There's no recommended or suggested way from the framework for a common task used in many situations. Makes refactoring M1 code much more difficult too. Keep in mind that's just for serializing in JSON. Symfony's serializer can serialize as json, yaml, xml by default but csv and whatever else you might need is easily extendable. If you take a look at what people are doing when dealing with XML data in magento 2 to export product feeds, it will bring you to tears.

All properties usually (should be) private and accessed only by public getter methods.

Depends on the architecture but yes. At least protected level, and symfony serializer adheres to this logic. If you annotate a class and don't provide the getter function, you won't receive data from a protected or private property. They're not mutually exclusive.

How you would save serialized class name? You can not save it with class data, since this actually a security issue.

This is not saved in the json data. Deserializing takes a parameter to which class to deserialize it to and for all correctly annotated classes, just throwing in the class name is enough. If you don't have it correctly annotated you have to write your own decoder that extends the Abstract Decoder class. The target class may be a different class than the original one but still compatible. For example, when I retrieve a json response from a remote API I usually create a class that describes the response to have autocompletion and consistent behaviour. It also makes writing mock response, validation code and tests faster. I have to do all the work manually in Magento 1/2 because of a lack of a general serializer / deserializer. I can't just define my class and annotate, then have the serializer handle it for me in a secure way. Relevant functionality https://symfony.com/doc/current/components/serializer.html#deserializing-in-an-existing-object

To be honest I never particularly liked the data array in Magento 2 because it messed with my IDE's autocompletion. From the data array stems the reason why different areas use different names for the same properties, like when using setup to install different attributes but I can see why it was needed as a dynamic, extendable structure. Interfaces compensate for that in Magento 2 to some extend.

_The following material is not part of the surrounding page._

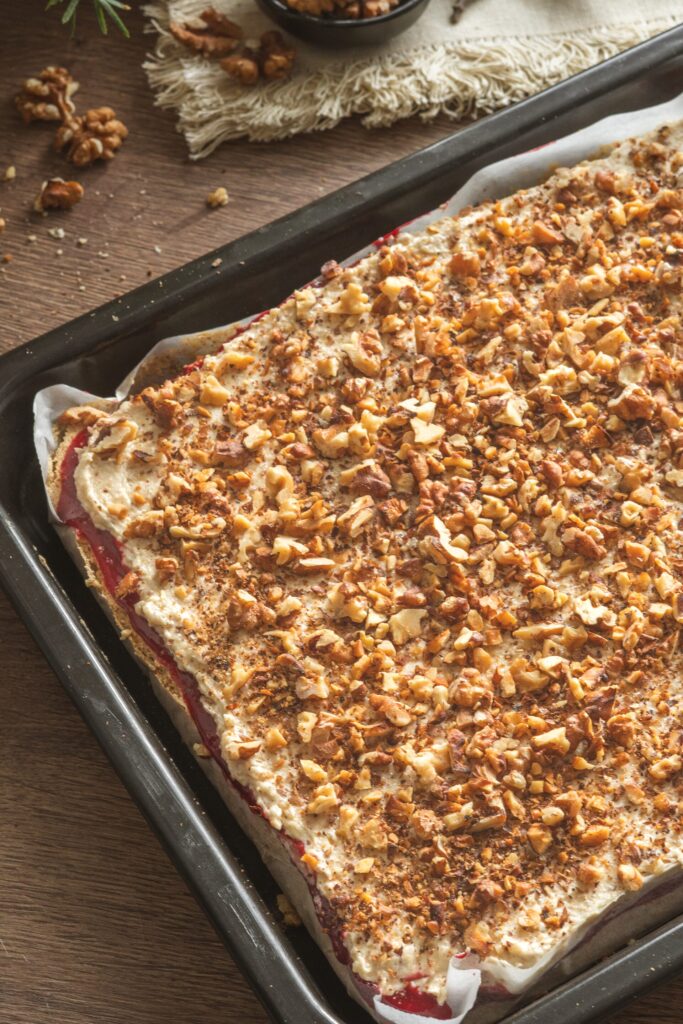 Orechov&yacute; kol&aacute;č, Orechov&yacute; kol&aacute;č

I'm especially bringing up symfony, because Drupal (competitor in headless installations, actually I think it's number 1 in this aspect worldwide) and Prestashop a direct ecommerce competitor have long since migrated to a symfony base and already see those benefits.

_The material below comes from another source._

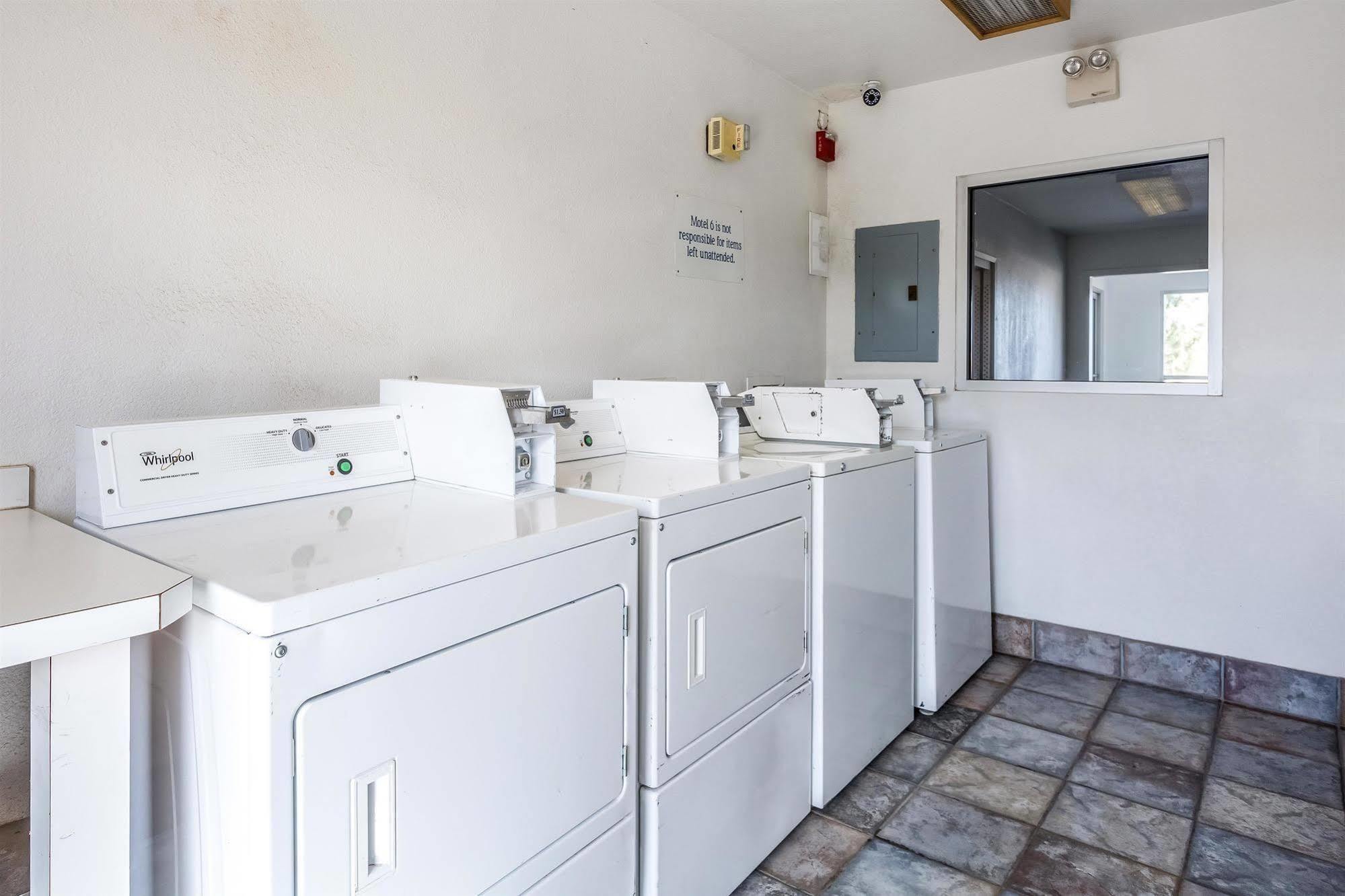 Motel 6-Needles, Ca Экстерьер фото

As you can see, magento team tried to solve your idea, but keeping strict, documented types of all data & it's keys. This hovewer looks too complex, when you need just few values passed to block configuration,

Again this was my particular case which drove me to write this thread, but is Magento 2 only supposed to serve complex scenarios and API-centric apps and focus on those? Should it neglect simpler tasks and have developers reinvent the wheel? I'm not trying to say that one framework is better than the other, just pointing out the good stuff on each one to maybe include some of them and improve further to make our lives easier, not harder.

I guess that's the case for your own serializer class/method.

That's what I'm trying to avoid. Having each developer writing his own serializer class / method without a guidline to make sure it's secure and focus on a reusable interface. In that case, when serializing you'll get

The interface already exists, the SerializerInterface, it's just very limited in scope and would love to see it extended.